Oleh: Marianus Dewalking
METRUM.ID – Gaya politik akomodatif yang dipraktikkan Presiden Joko Widodo sejak awal pemerintahannya telah menandai babak baru dalam relasi kuasa di Indonesia. Dengan menggandeng lawan-lawan politik ke dalam lingkaran kekuasaan, Jokowi menciptakan stabilitas politik yang memukau di permukaan. Namun, di balik gestur “merangkul” itu, muncul praktik sistematis yang lebih dalam: kooptasi, yakni menyerap kekuatan oposisi agar tidak lagi menjadi ancaman nyata bagi jalannya kekuasaan.

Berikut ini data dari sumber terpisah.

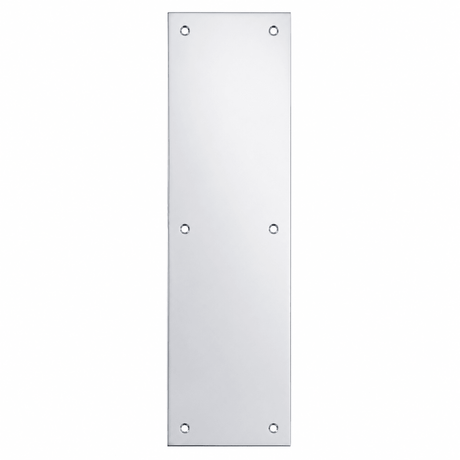 Ives 820026416 8200B 4" x 16" Brass Push Plate with Mounting Screws Polished Chrome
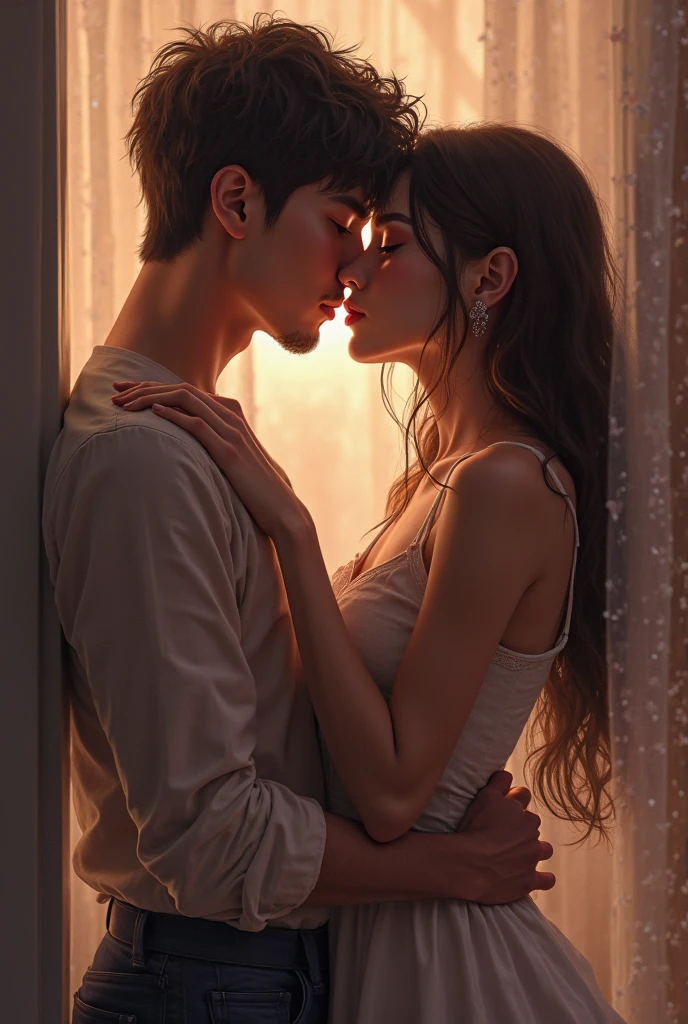 He kisses a young woman 

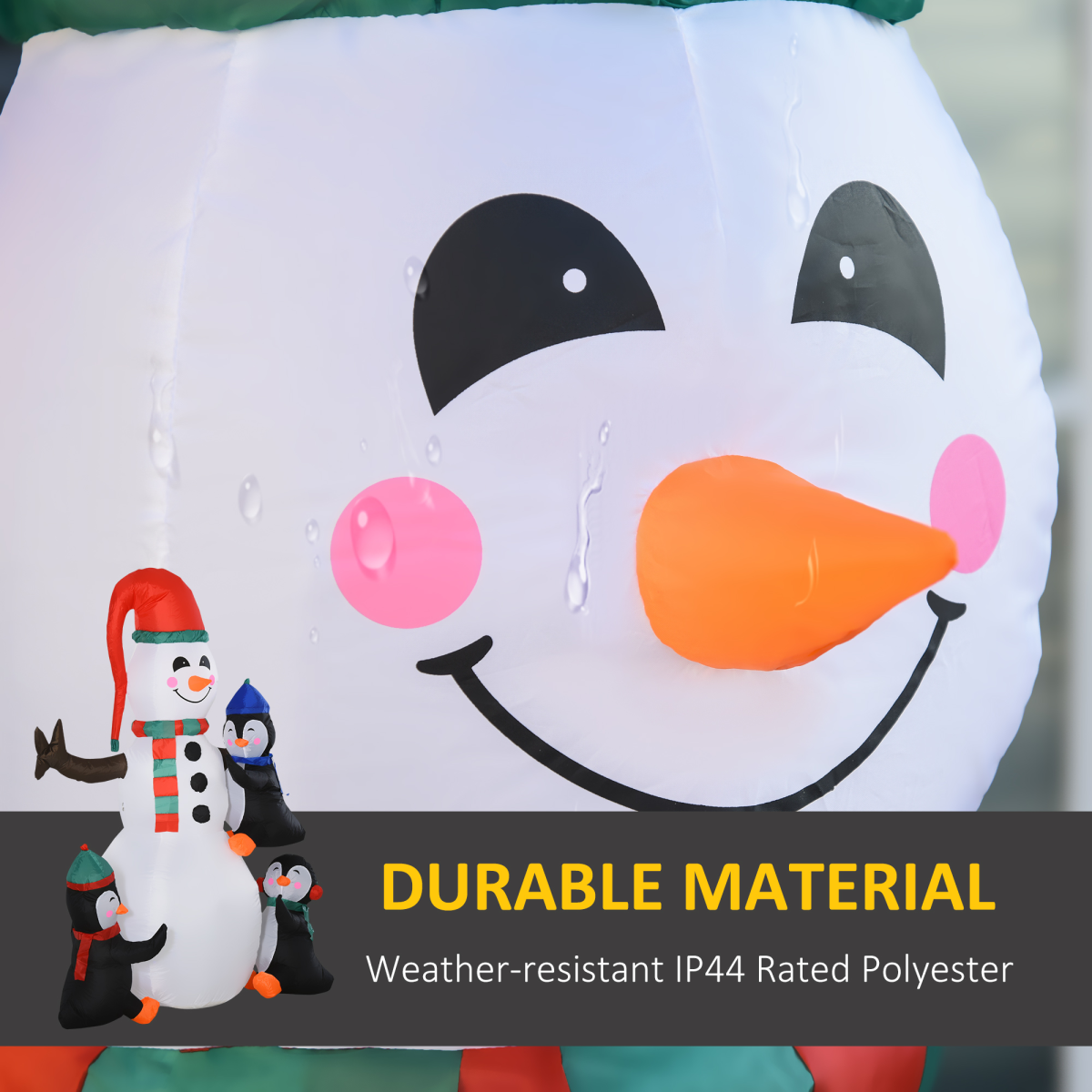 Inflatable snowman decoration with durable material text overlay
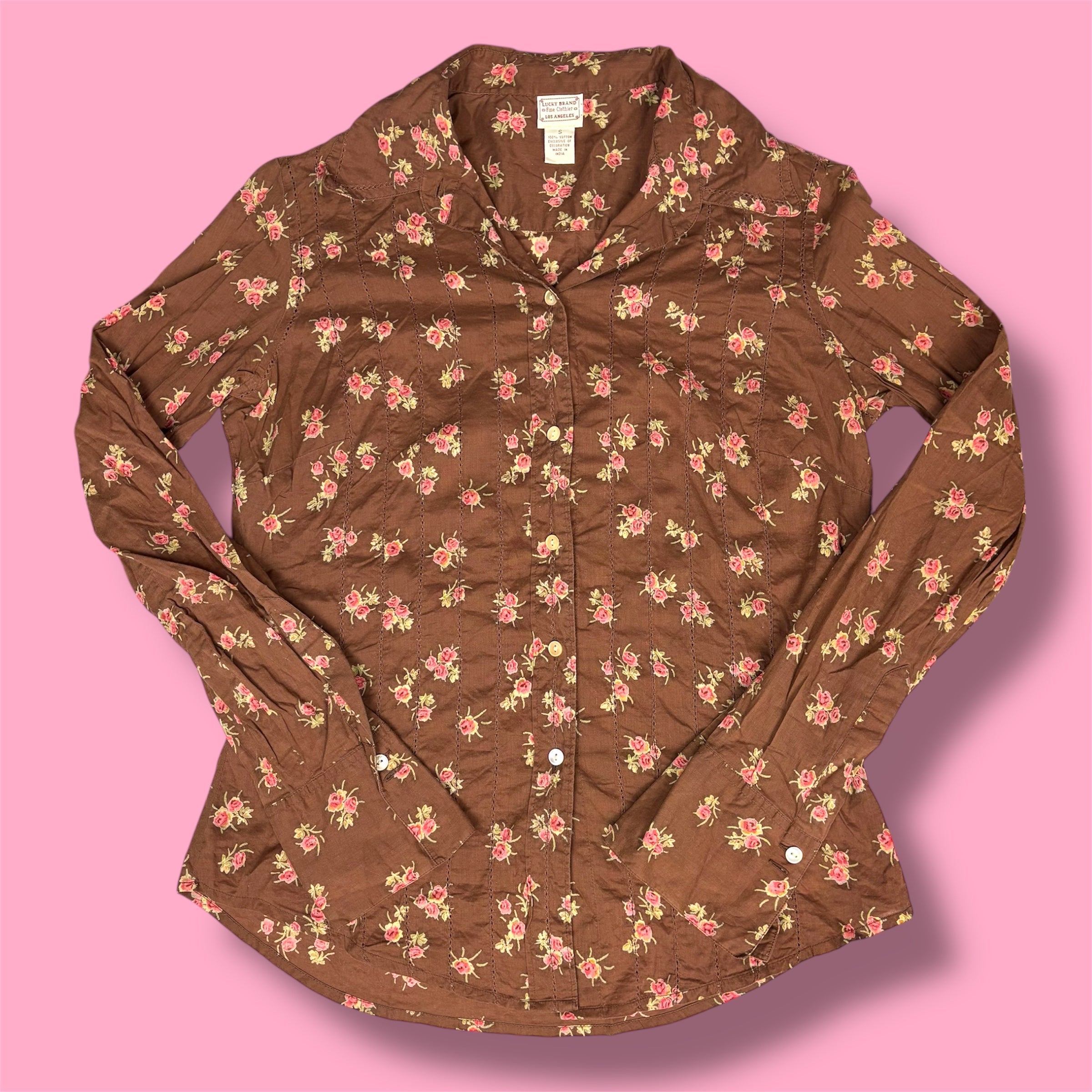 2000s Lucky Brand Floral Button Up Shirt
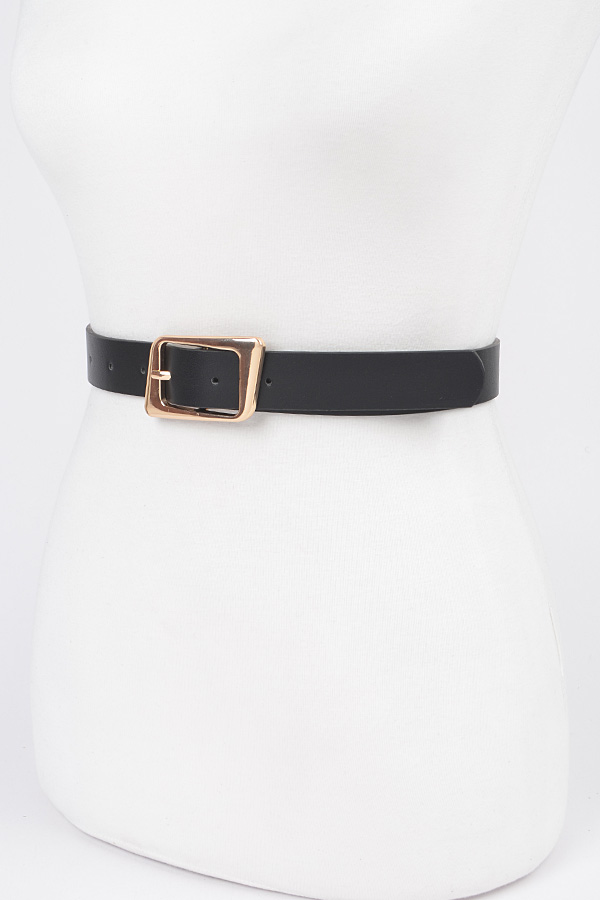 Faux Leather Metal Buckle Belt
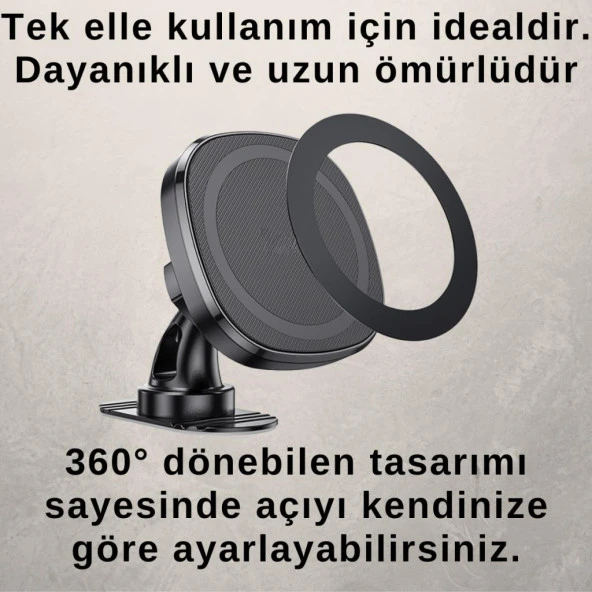 Coofbe 360° Döner Başlıklı Magsafe Uyumlu Torpido Üstü Araç Tutucu İphone 12 13 14 15 Pro Max Uyumlu - 4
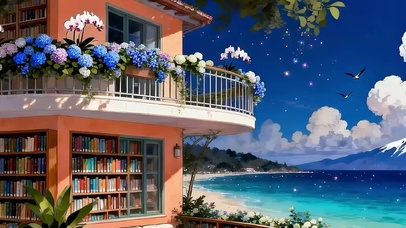 蓝天白云树木海景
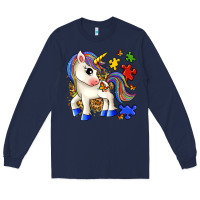 Navy autism unicorn Long Sleeve Tee - Zillion Design Studio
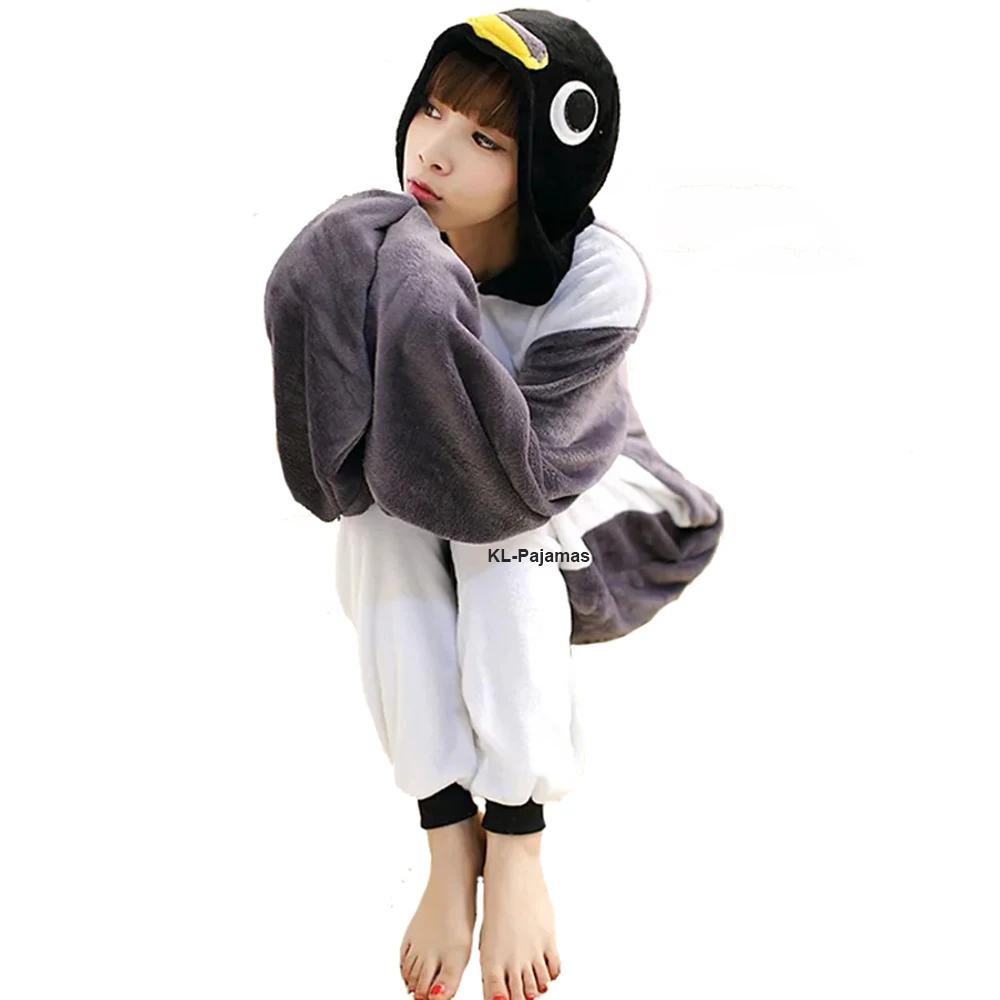 Adult Anime Kigurumi Onesie Funny Grey Penguin Costume Pajamas For Women Men Unisex Flannel Warm Soft Animal Onepieces Sleepwear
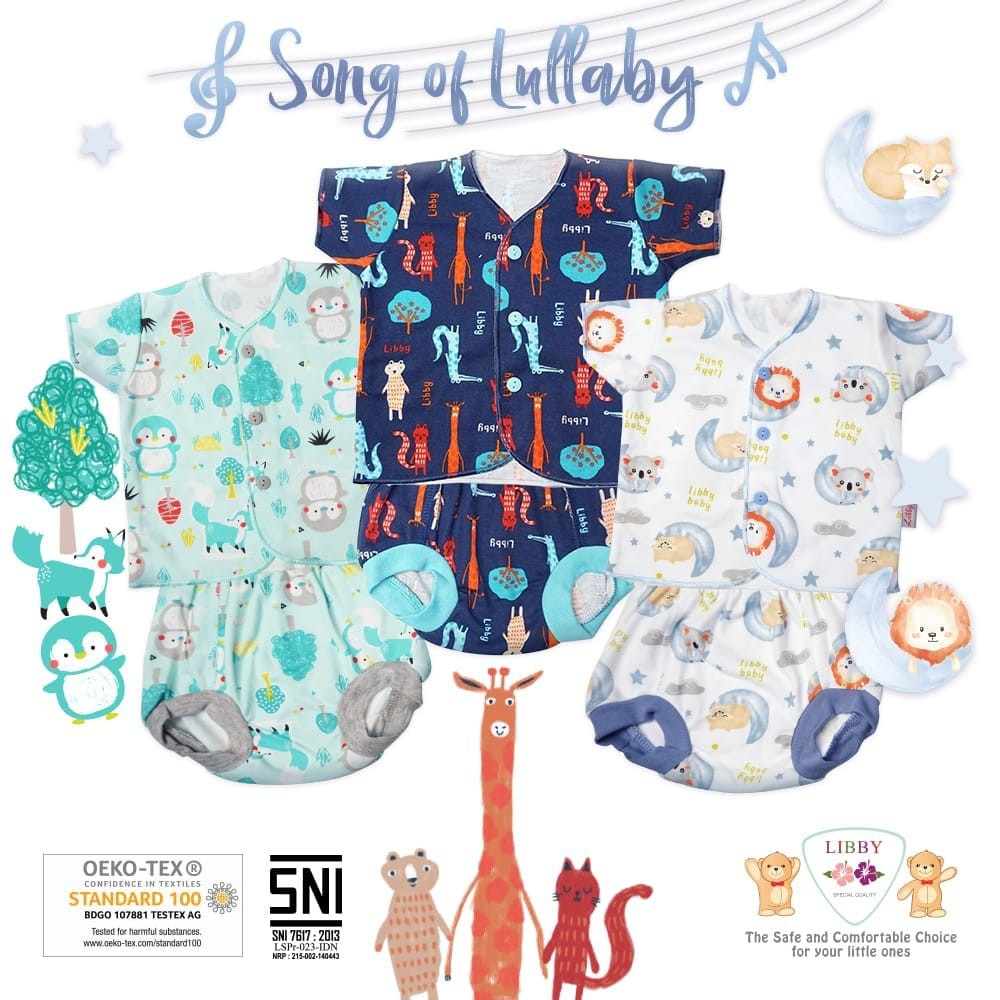 LIBBY Setelan Piyama Baju Pendek Bayi Newborn Motif 0 6 LIBBY Setelan Piyama Baju Pendek Bayi Newborn Motif 0 6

Dalam kerangka teori politik, kooptasi bukan hal baru. Antonio Gramsci menyebut fenomena ini sebagai bagian dari hegemoni—proses di mana kekuasaan tidak hanya dijalankan dengan represi, tetapi melalui konsensus semu, dengan memanfaatkan lembaga-lembaga sosial, budaya, bahkan individu yang semula kritis. Di Indonesia, strategi ini telah menjadi semacam kultur politik: meredam kritik bukan dengan dialog sehat, tetapi dengan memberi kursi, jabatan, atau sekadar ruang kosong untuk sekutu semu.
Celakanya, pola ini tidak berhenti di Jakarta atau di pusat-pusat kekuasaan. Ia merembes halus ke struktur pemerintahan paling dasar—desa. Wilayah yang semestinya menjadi panggung utama demokrasi partisipatif justru menjadi ladang subur praktik kooptasi lokal. Alih-alih mendorong partisipasi sejati dari warga, elite lokal mengadopsi strategi yang sama: mendekati pihak-pihak kritis, bukan untuk mendengarkan, tetapi untuk menjinakkan.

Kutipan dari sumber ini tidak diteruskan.